++++ Source data

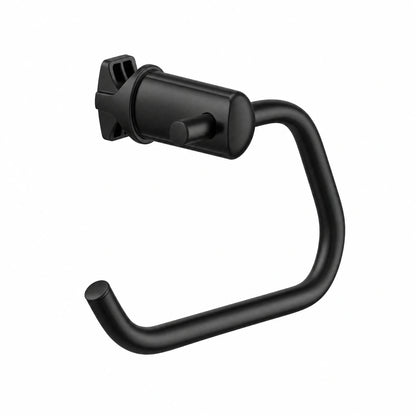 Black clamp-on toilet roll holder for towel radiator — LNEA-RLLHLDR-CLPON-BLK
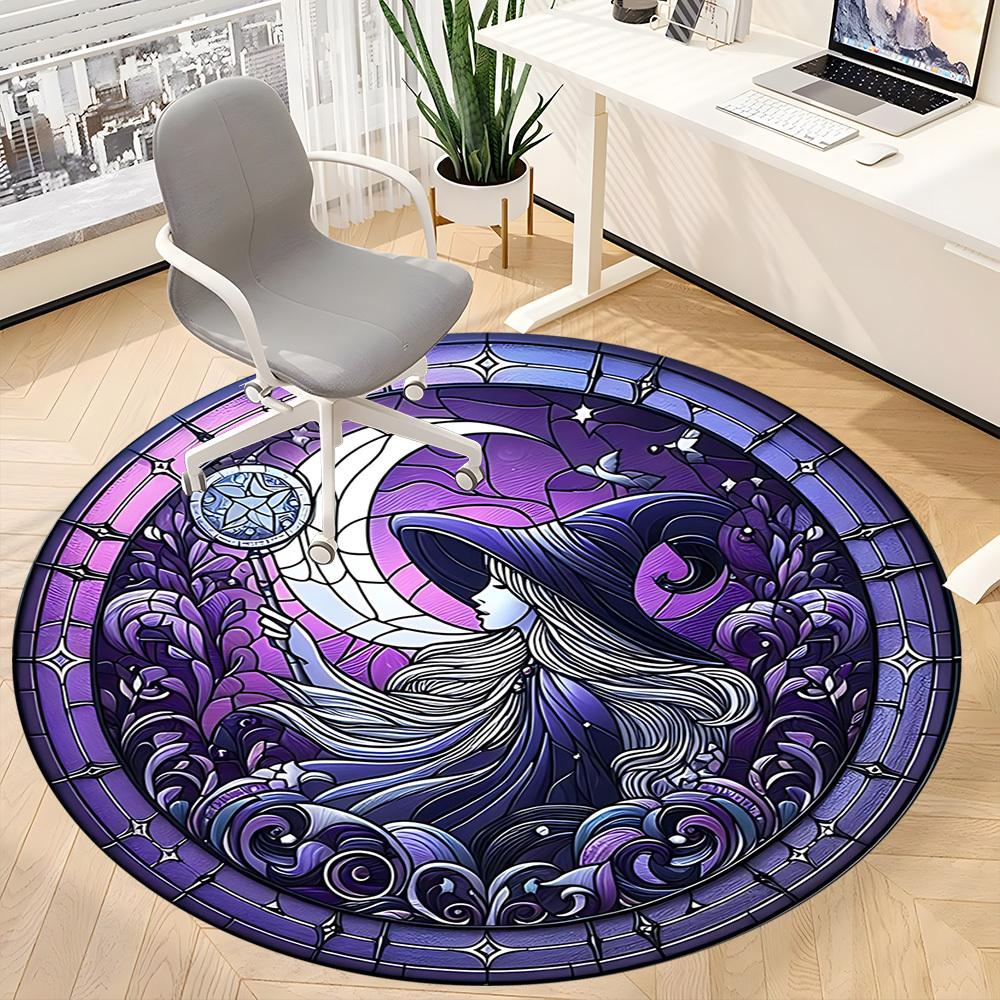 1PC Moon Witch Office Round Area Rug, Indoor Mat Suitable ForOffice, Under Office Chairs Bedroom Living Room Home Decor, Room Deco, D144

++++++++
++++ Source data

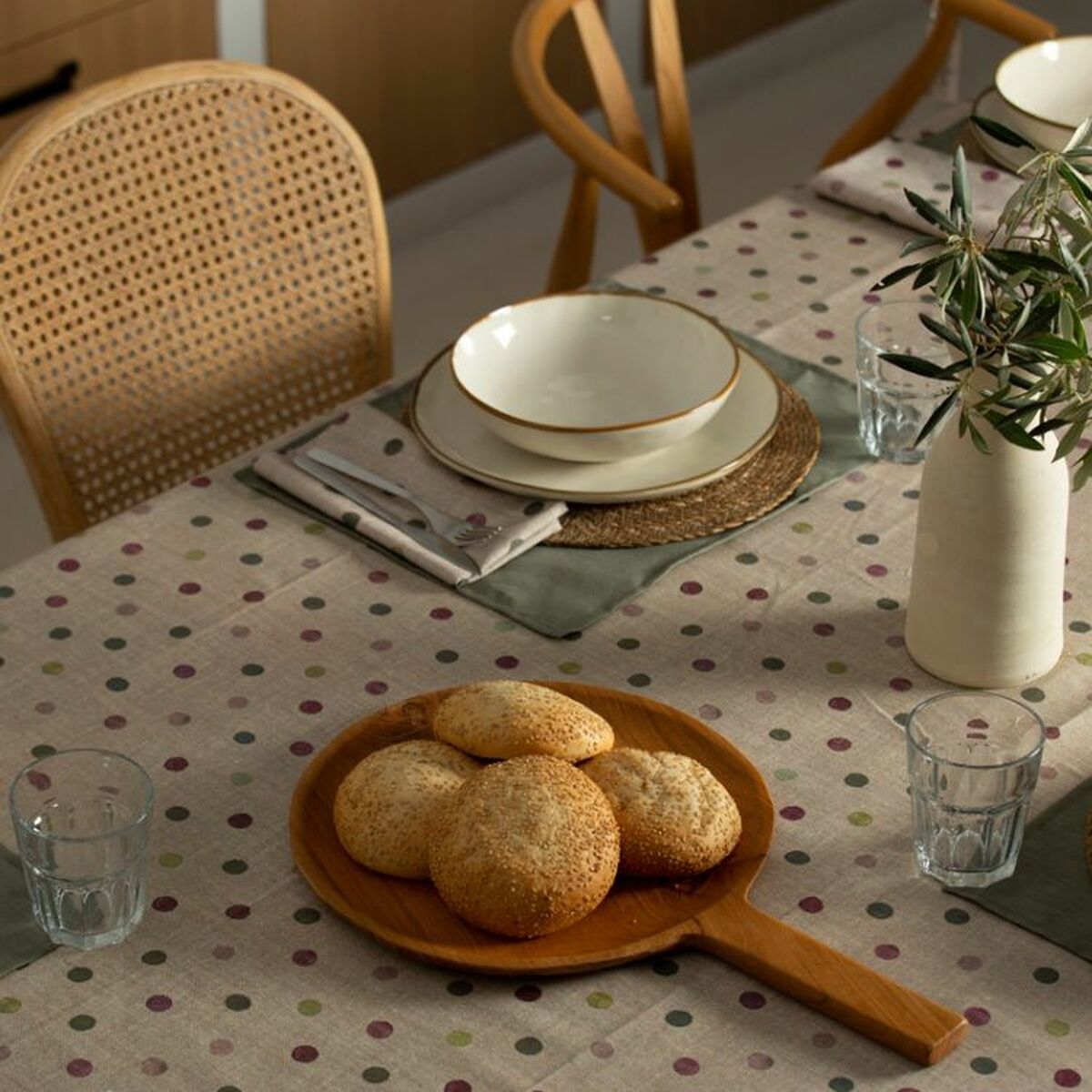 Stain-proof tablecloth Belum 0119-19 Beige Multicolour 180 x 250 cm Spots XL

++++++++

What is needed: Copy nothing but the lines above that run from the one with "Black clamp-on toilet" to the one with "1PC Moon Witch", ends included; pictures stay out.

Final answer:
 Black clamp-on toilet roll holder for towel radiator — LNEA-RLLHLDR-CLPON-BLK
 1PC Moon Witch Office Round Area Rug, Indoor Mat Suitable ForOffice, Under Office Chairs Bedroom Living Room Home Decor, Room Deco, D144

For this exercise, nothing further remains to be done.